The Iran-Afghanistan-Pakistan frontier was a jumble of search radars and frantic radio messages in several different languages. “We may have lucked out,” Patrick said. “Sounds to me like everyone’s running out of fuel and heading home. The Iranian SA-10s are still active, but they’re intermittent. They might be afraid of shooting down their own aircraft or firing on a Pakistani jet over the border.”
“Great,” Rebecca said, putting more saline drops in her stinging eyes. “Maybe we’ll avoid getting caught in the crossfire long enough to splash down in the Indian Ocean.”
“Wait, they’re not going home — they’re chasing another target!” Patrick exclaimed, studying the datalinked composite tactical display. He switched to his own laser-radar display and took a two-second snapshot. “There’s a big target at our one o’clock position, eighty-three miles, low. It’s huge — it looks as big as a 747, and it’s radiating on several VHF, UHF, and some navigation search frequencies.” He switched radio frequencies. “Tin Man, this is Puppeteer.”
“Hi, boss,” Hal Briggs responded. Air Force Colonel Hal Briggs was an Army- and Air Force — trained commando and security expert, a longtime partner of Patrick’s, and a close friend. He was now assigned as the commander of a secret unit at Battle Mountain Air Reserve Base called the Battle Force, comprising highly trained and heavily armed commandos that supported special-operations missions all over the world.
“What do you guys think you’re doing?” Patrick asked.
“Just trying to clear a path for you,” Hal replied. He had launched in the MV-32 Pave Dasher tilt-jet aircraft off the deck of their covert-operations freighter as soon as he saw Patrick’s turn inland to pursue the errant StealthHawk. Loaded with extra fuel as well as electronic warfare jammers, Hal and his crew sped inland and established an orbit right along the Pakistan-Iran frontier, then activated their jammers and decoy transmitters.
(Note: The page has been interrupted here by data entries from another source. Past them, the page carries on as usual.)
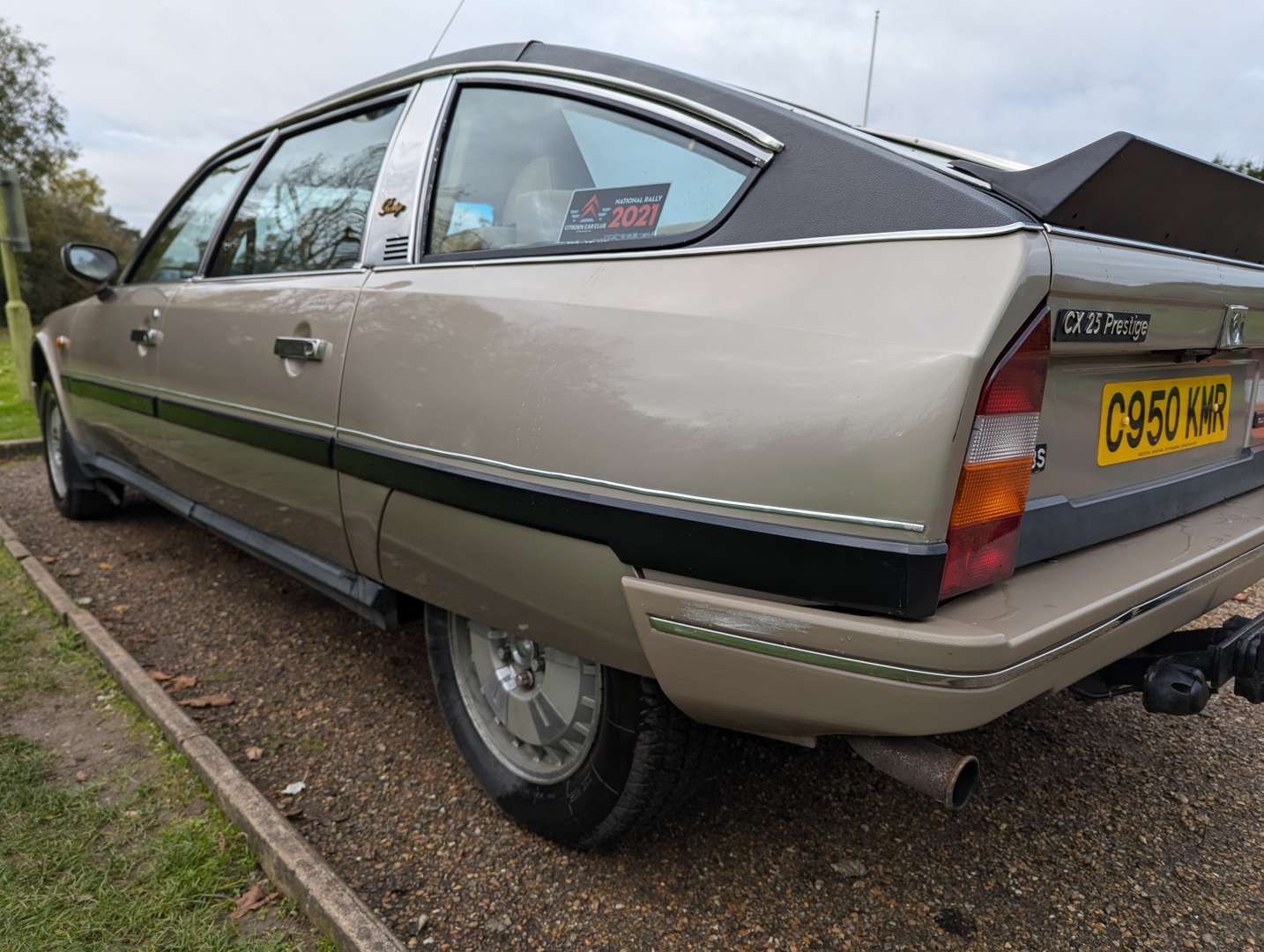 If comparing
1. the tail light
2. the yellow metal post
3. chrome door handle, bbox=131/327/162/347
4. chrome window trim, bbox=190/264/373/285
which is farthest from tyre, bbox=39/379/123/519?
the tail light

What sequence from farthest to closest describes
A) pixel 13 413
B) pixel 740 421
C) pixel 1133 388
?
pixel 13 413, pixel 1133 388, pixel 740 421

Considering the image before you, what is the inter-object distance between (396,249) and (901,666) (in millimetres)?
1574

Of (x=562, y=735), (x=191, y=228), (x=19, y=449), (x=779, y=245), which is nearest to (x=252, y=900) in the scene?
(x=562, y=735)

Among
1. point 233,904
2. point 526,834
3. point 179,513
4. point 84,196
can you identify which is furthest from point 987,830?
point 84,196

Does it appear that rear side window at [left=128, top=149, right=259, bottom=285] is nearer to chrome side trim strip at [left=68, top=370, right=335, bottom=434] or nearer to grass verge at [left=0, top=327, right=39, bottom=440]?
chrome side trim strip at [left=68, top=370, right=335, bottom=434]

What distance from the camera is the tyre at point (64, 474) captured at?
4.33 meters

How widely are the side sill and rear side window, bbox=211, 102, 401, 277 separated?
0.83 metres

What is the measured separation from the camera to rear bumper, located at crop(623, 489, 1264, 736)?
1224 millimetres

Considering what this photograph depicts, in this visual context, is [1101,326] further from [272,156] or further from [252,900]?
[272,156]

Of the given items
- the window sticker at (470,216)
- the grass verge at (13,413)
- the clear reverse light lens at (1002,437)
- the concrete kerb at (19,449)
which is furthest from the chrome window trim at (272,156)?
the grass verge at (13,413)

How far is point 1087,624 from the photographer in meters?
1.37

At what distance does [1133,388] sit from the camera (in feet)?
5.47

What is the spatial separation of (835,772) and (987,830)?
0.40 metres

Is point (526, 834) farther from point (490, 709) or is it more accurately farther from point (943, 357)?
point (943, 357)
The decoy transmitters made the MV-32 appear a hundred times larger than its actual size on the Iranian and Pakistani radarscopes — too inviting a target to be ignored.
“We appreciate it, Tin Man,” Patrick said, “but we see at least a half dozen Iranian and Pakistani fighters within thirty miles of your location and one less than twenty miles that might have detected you. Get as low as you can and bug out to the southeast.”
“We’re outta here, Puppeteer, but not to the southeast,” Hal responded. “You head southeast. We’ll draw the bad guys away until you’re clear. Save your fuel.”
“Are you armed?”
“Negative,” Hal replied. Normally the MV-32 carried two retractable pods that held laser-guided Hellfire missiles, Maverick TV-guided attack missiles, Stinger heat-seeking antiaircraft missiles, Sidearm antiradar missiles, or twenty-millimeter gun pods — but they also held three-hundred-gallon fuel tanks, and that’s what this mission required. The MV-32 had a chin-mounted twenty-millimeter Gatling gun — that was its only defensive armament, almost completely ineffective against high-speed aircraft. “I need you to give us a heads-up on where the bad guys are, Puppeteer — and remember the third dimension.”
“I hear you, Tin Man,” Patrick replied. He switched his display to one that accentuated terrain even more — the laser-radar view was so detailed and precise that it looked like a daylight photograph. “Head south and stay as low as you can. Nearest bandit is at your four o’clock, moving in to fifteen miles, high. He’s painting you with his radar. You have your jammers on?”
“Roger that.”
“There’s a pretty deep crevasse at your one o’clock, eight miles. See it yet?”
“Negative.”
“He’s counterjamming you — looks like he’s got a solid lock on you,” Patrick said. “Turn right twenty degrees, hard.” Patrick knew that the MV-32 was fitted with infrared suppressors on the exhaust end of its fanjet engines, but they would still create very hot dots against the night sky that made easy targets for heat-seeking missiles. The first important task was to turn those hot exhausts away from the Iranian fighter’s infrared sensors. “He’s descending and slowing. He’s trying to line up a shot.”